Unter den Interessenten waren auch Tutzinger Geschäftsleute. Erdal Babacan hat bereits mit Edeka verhandelt. Der Betreiber des „Tutzinger Früchtehauses“ im Laden Vinzenz-Murr wollte den Markt gern als Lizenznehmer von Edeka weiterführen.

Doch das Unternehmen wollte den Namen Edeka nicht für den Markt beibehalten und wohl auch nicht als Lizenzgeber fungieren. Stattdessen möchte Edeka die Kunden lieber zum Kauf in seinen anderen beiden Märkten veranlassen, an der nördlichen Hauptstraße und an der Lindemannstraße. Deshalb wäre aus seiner Sicht eine Fortführung des Marktes in der Ortsmittel unter dem Namen Edeka wohl weniger sinnvoll. Zum Einkauf in den beiden anderen Märkten fordert Edeka die Kunden sogar schriftlich mit einem entsprechenden Hinweis auf Plakaten auf (siehe Bild ganz oben auf dieser Seite).

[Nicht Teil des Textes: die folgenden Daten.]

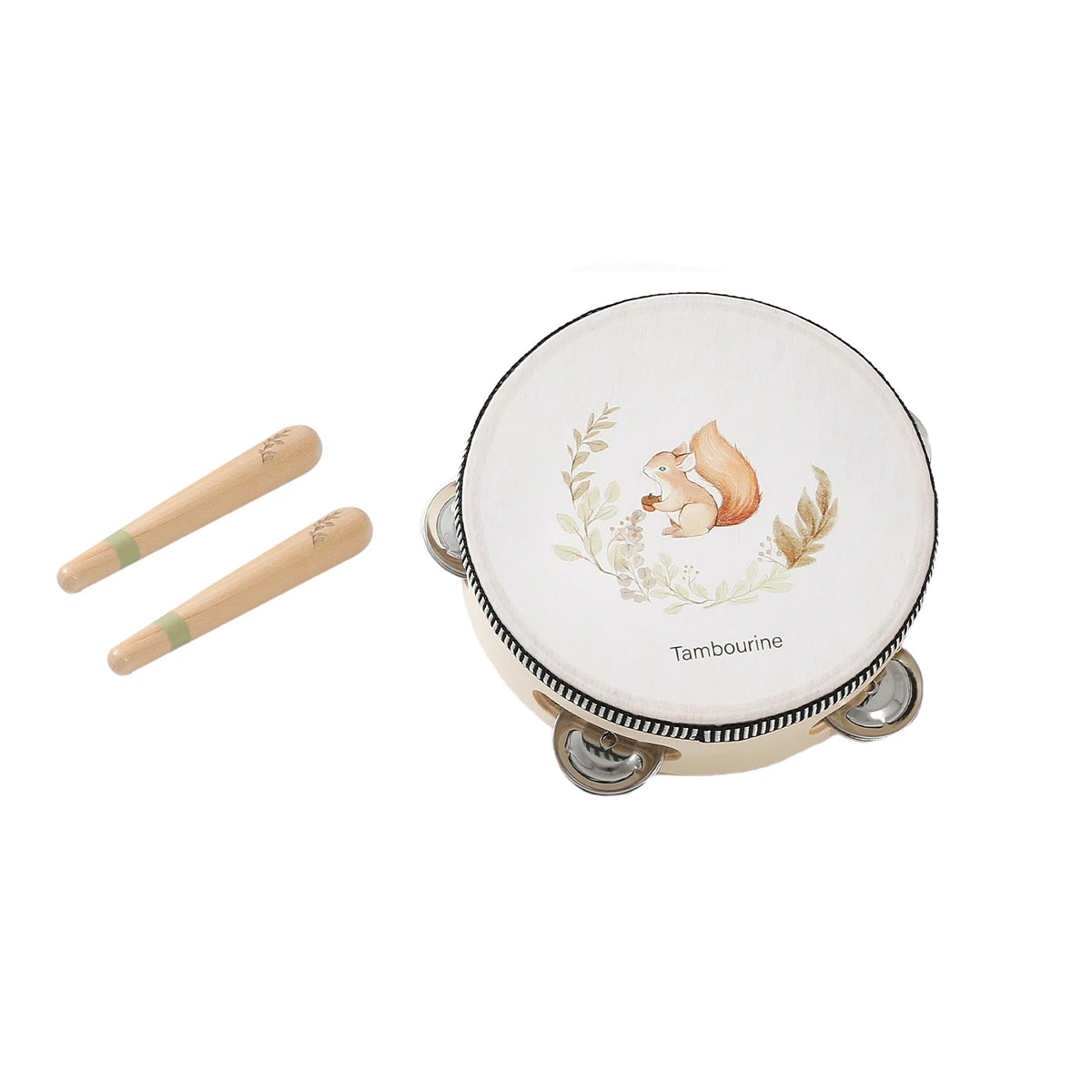 Wooden Baby Xylophone Toy – Montessori Musical Instrument for Kids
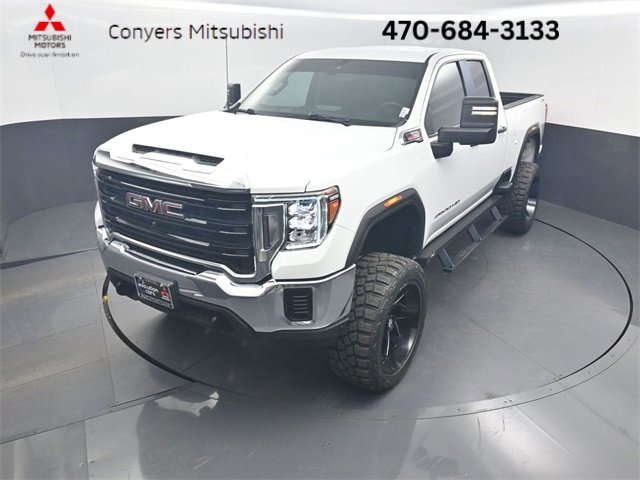 Used 2022 GMC Sierra 2500 Pro w/ Convenience Package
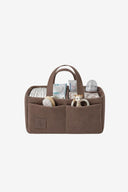 Vegan Suede Nappy Caddy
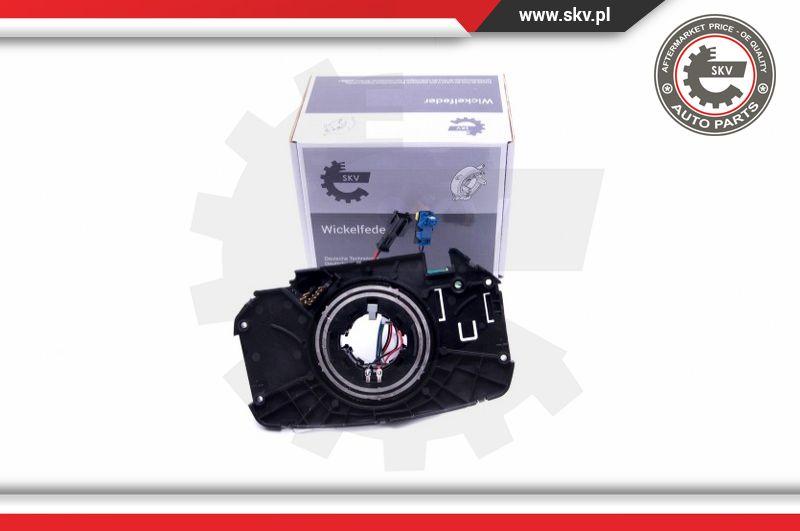 Esen SKV 96SKV563 - Витая пружина, подушка безопасности autospares.lv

Babacan hat aus diesem Grund bei Edeka mittlerweile abgesagt, wie er erzählt. Interesse an einem Betrieb dieses Marktes hätte er durchaus auch weiterhin, wie er durchblicken lässt - auch unter einem anderen Namen. Doch allein möchte er ein solches Unternehmen nicht stemmen. Das Risiko ist ihm zu groß. Wenn sich ein Partner oder mehrere Partner finden würden, die sich finanziell beteiligen würden, dann wäre er allerdings nach wie vor bereit, es zu wagen, wie er sagt.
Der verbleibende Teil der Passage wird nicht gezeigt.